Warrior Mountain of Peace
Inahaa Te Urutahi Waikerepuru

This montage is based on the birth of our landscape of Aotearoa and the greatest love story ever told that abides deep within the caverns and crevasses of Papa-tu-a-nuku. However, when the blustering south wind blows…. sometimes can be heard the soulful mourning of Pukehaupapa (Mt Taranaki) the Warrior Mountain of Peace as he laments the loss of his beloved Pihanga (the beautiful maiden mountain) to his brother Tongariro. Other Warrior Mountains involved in this story include Ruapehu, Tarawera and Ngauruhoe who fought Tongariro for the love of Pihanga. The Guide Stone Rauhoto Tapairu beloved companion to Pihanga was sent by her to guide Pukehaupapa safely west to a new homeland. Pukehaupapa as a gesture of peace and honour retreated from his homeland so as to restore peace, harmony, balance and equilibrium back into the family following the discovery by Tongariro of his declaration of love for Pihanga.

To this day Tongariro cries tears into the Wanganui River for his brother Pukehaupapa and likewise Pukehaupapa yearns to return to his whānau (family) and his beloved Pihanga once again.

Night swimmer
Allan Giddy

A Sisyphean swimmer toils relentlessly against the current. His single stroke, trapped in an endless glitch of video, pulls a moment into a string of moments, into a night of moments. This capsule of time, a personal bubble of nowness, ends only with each sunrise.

Convergence
Visual Artist: Claire Brunet
Sound Design: Susan Frykberg

Convergence is an interactive night time projection artwork in which artists Claire Brunet and Susan Frykberg investigate the concept of water and its sustainability through the convergence between 3D digital objects and recording of sound of waters and electronic voices. The work explores our interaction with the natural environment through the digitalization of forms imported into a computerized spatial context and layered inside a software interface allowing visual or auditory modalities to converge. The artists’ mode of enquiry intersects art, nature, sound and technology through a dialogue between a digital medium moving forms and sound into code and ecological perspectives.
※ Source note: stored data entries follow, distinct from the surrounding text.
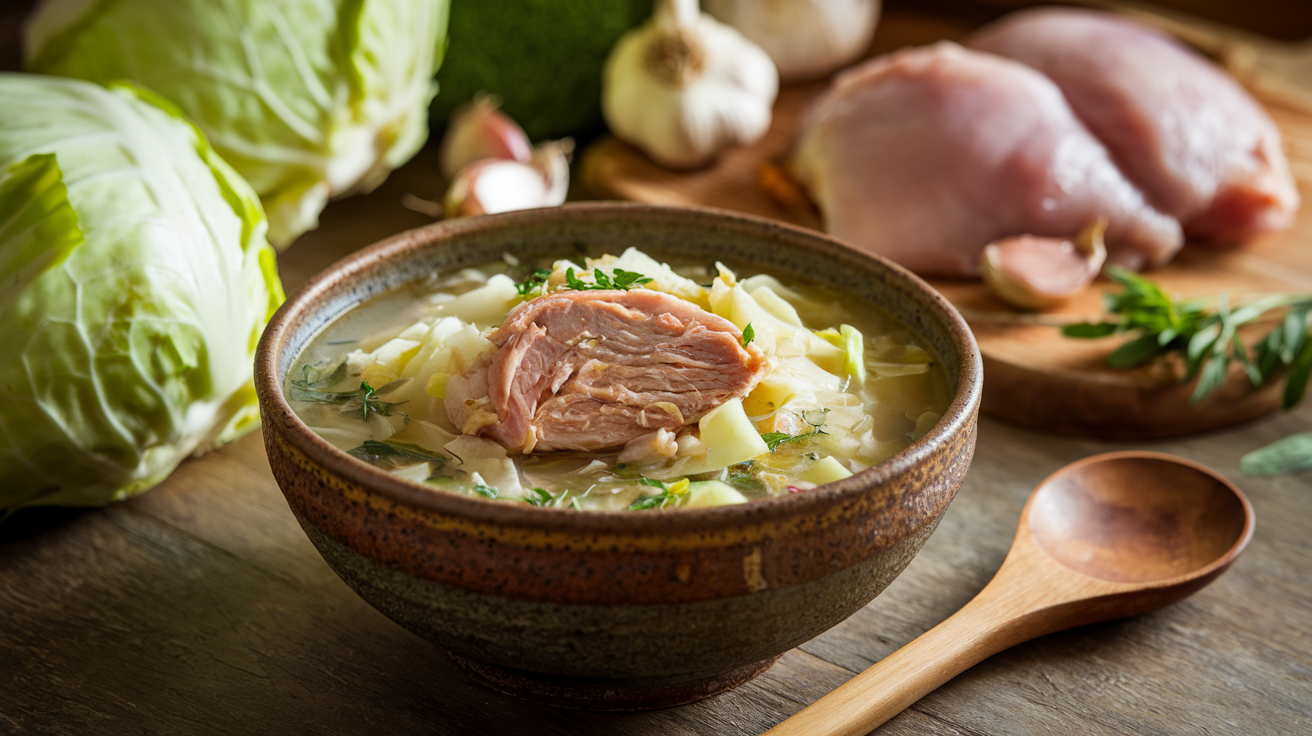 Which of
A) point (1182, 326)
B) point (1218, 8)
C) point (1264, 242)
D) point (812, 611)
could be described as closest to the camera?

This project proposes new ways of looking, listening, imagining and expressing past, present and future perceptions and interactions with the world in which we live. As a result, the artwork aims to provoke an awareness of human’s impact on the state of our water and its ecology and on the ways in which our relationship with water impacts on the future condition of the natural environment.

When the audience experiences the artwork, the viewer/listener faces a choice as an individual taking part in society, to decide between “being conscientious” [gewissenhaft] or “not being conscientious” [gewissenlos][1], of human’s impact on the state of our relationship with water and its ecology.

[1] Heidegger, M. (2011). The Concept of Time The First Draft of Being and Time. (Ingo Farin, & Skinner. A. Trans.). London: Continium International Publishing Group.

* In Heidegger’s concept of time, we quote: “On the other hand, what has been lost, i.e. what has disappeared from what is currently available, what failed and therefore could not be forced into the present . . . To be ‘unable to get over’ . . . ‘a loss’ means: to wish for a thing’s ongoing availability in the present. When one is anxious, the concern as such remains within the realm of one’s care [sorge], in other words of being-in, which is secured and reassured thanks to its ability to access what is available” (Heidegger, 2011, p. 54).